Ragu, Sebastian menatap Grace, lalu mengeluarkan notes kecil dari sakunya. Dia menuliskan sesuatu dan menunjukkannya pada Grace.

"Makan siang dengan kami?"

Grace menatapnya, lalu senyumnya melebar. Dia yakin, Sebastian terpaksa mengundangnya untuk makan bersama, tapi itu cukup bagi Grace.

"Bolehkah? Wow ... terima kasih, Sebastian," ucapnya tulus. Tatapannya berpindah pada Mbok Min yang tampak senang mengetahui Sebastian mengundang seseorang ke apartemennya yang selalu sepi.

"Wah ... Mbok Min, kalau masakannya enak, saya bisa nebeng terus, nih, selama di sini," candanya sambil mengedipkan sebelah mata.

Mbok Min tersenyum lebar. "Mbok, sih, seneng aja, Bu," sahutnya.

Grace kembali menatap Sebastian. "Bolehkah, Sebastian?" tanyanya sambil memaku Sebastian dengan cahaya teduh di matanya.

Sebastian mengerjap, dan tersihir oleh tatapan itu. Rahangnya pun terkunci, dan seolah tak ada jawaban lain, dia mengangguk.

Grace tersenyum puas.

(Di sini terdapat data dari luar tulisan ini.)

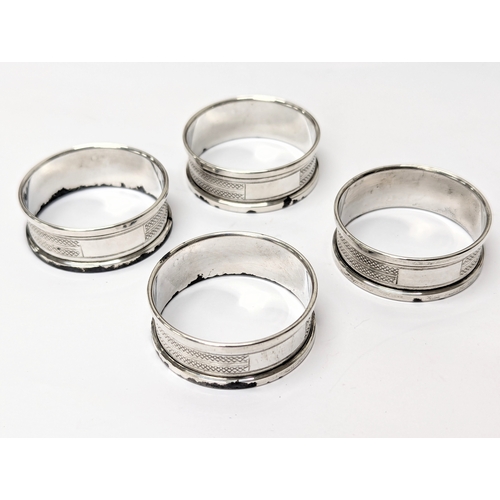 739 - A set of 4 silver napkin rings by Henry Griffith & Sons Ltd. Sheffield, 1977. Total weight 43.5g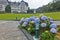 The PalÃ¡cio Quitandinha Palace former luxury resort hotel with beautiful hortensia flowers in PetrÃ³polis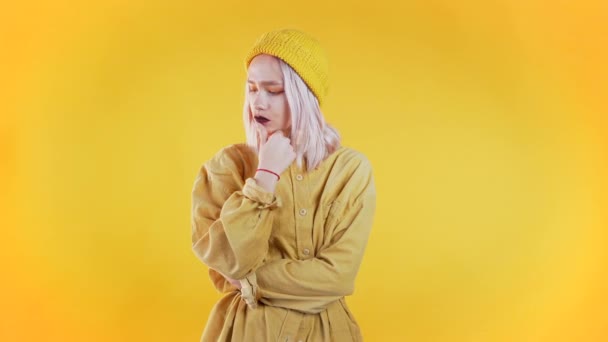 Thinking woman looking up and around on yellow background. Worried contemplative face expressions. Pretty girl model with unusual trendy appearance. - Metraje, vídeo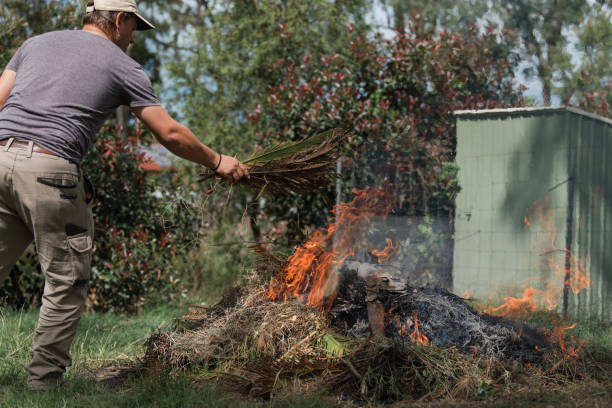 istock Man tending to fire controlled burn off of garden waste 1159394341
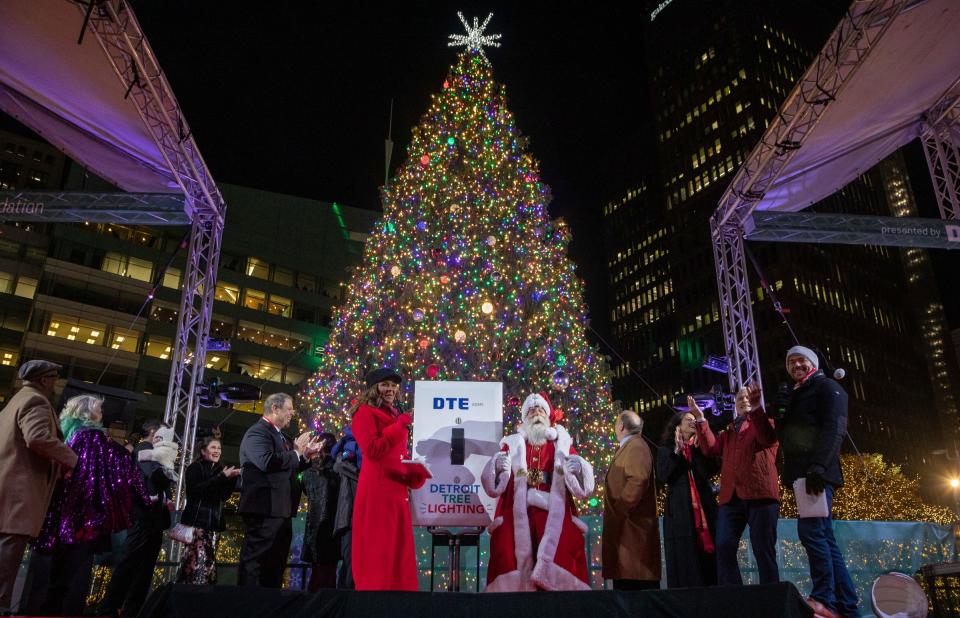 Santa Claus, Mayor Mike Duggan, Dr. Sonia Hassan and others stand on stage during the 20th Annual Tree Lighting in downtown Detroit on Friday, Nov. 17, 2023.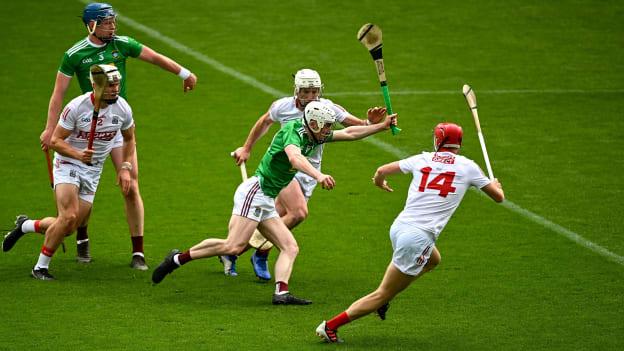 Josh Coll attempts to break through two Cork tacklers at Páirc Uí Chaoimh earlier this year. 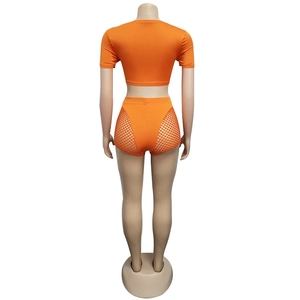 Rear view of orange crop top and high-waisted shorts with fishnet side panels
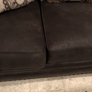 Gallery Furniture - Houston, TX. Seat cushion issue in other end of couch.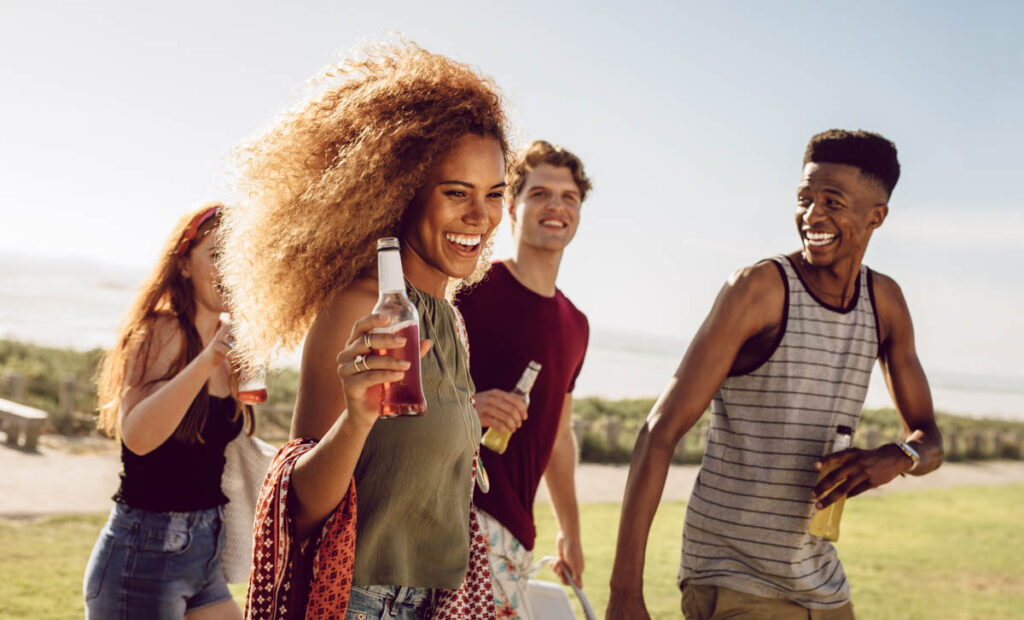 Attractive woman having beer while walking with friends outdoors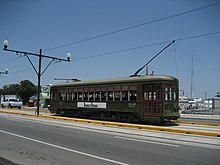 Streetcar on Canal Street, April 2007 CanalCemsKeepItCleanTram.jpg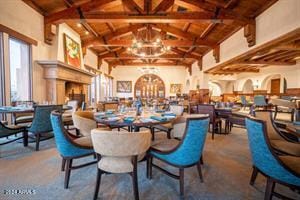 dining room with lofted ceiling with beams, a notable chandelier, and wood ceiling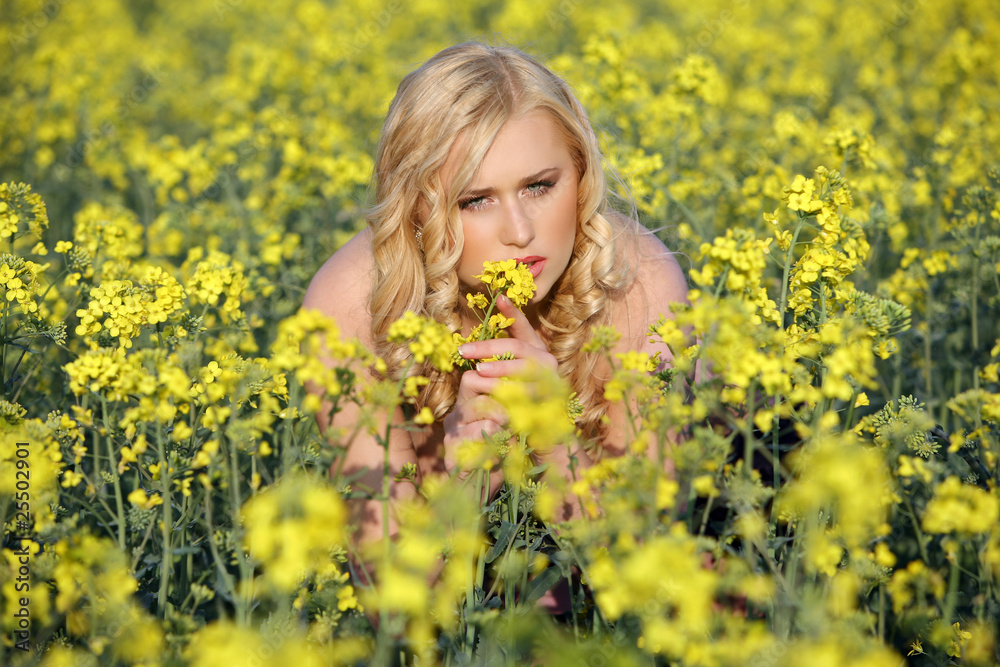 Beautiful young blonde woman in a field of wildflowers. Beautiful young blonde woman in a field of wildflowers.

Dia mengangkat plastik berisi apel di tangannya, dan menunjukkannya pada Sebastian.

"Akan kubuatkan cake apel, kau mau, kan?" katanya, lalu berbalik dan merangkul bahu Mbok Min dengan akrab.

Sebastian tercenung. Kenapa wanita itu bersikap seperti seorang sahabat lama padanya? Apakah semudah itu bagi Grace untuk bersikap ramah pada semua orang?

Sambil berjalan dengan Mbok Min dalam rangkulannya, Grace mengulum senyum kecil. Sebuah tekad bertumbuh di hatinya. Tekad untuk memecah keheningan dalam jiwa Sebastian.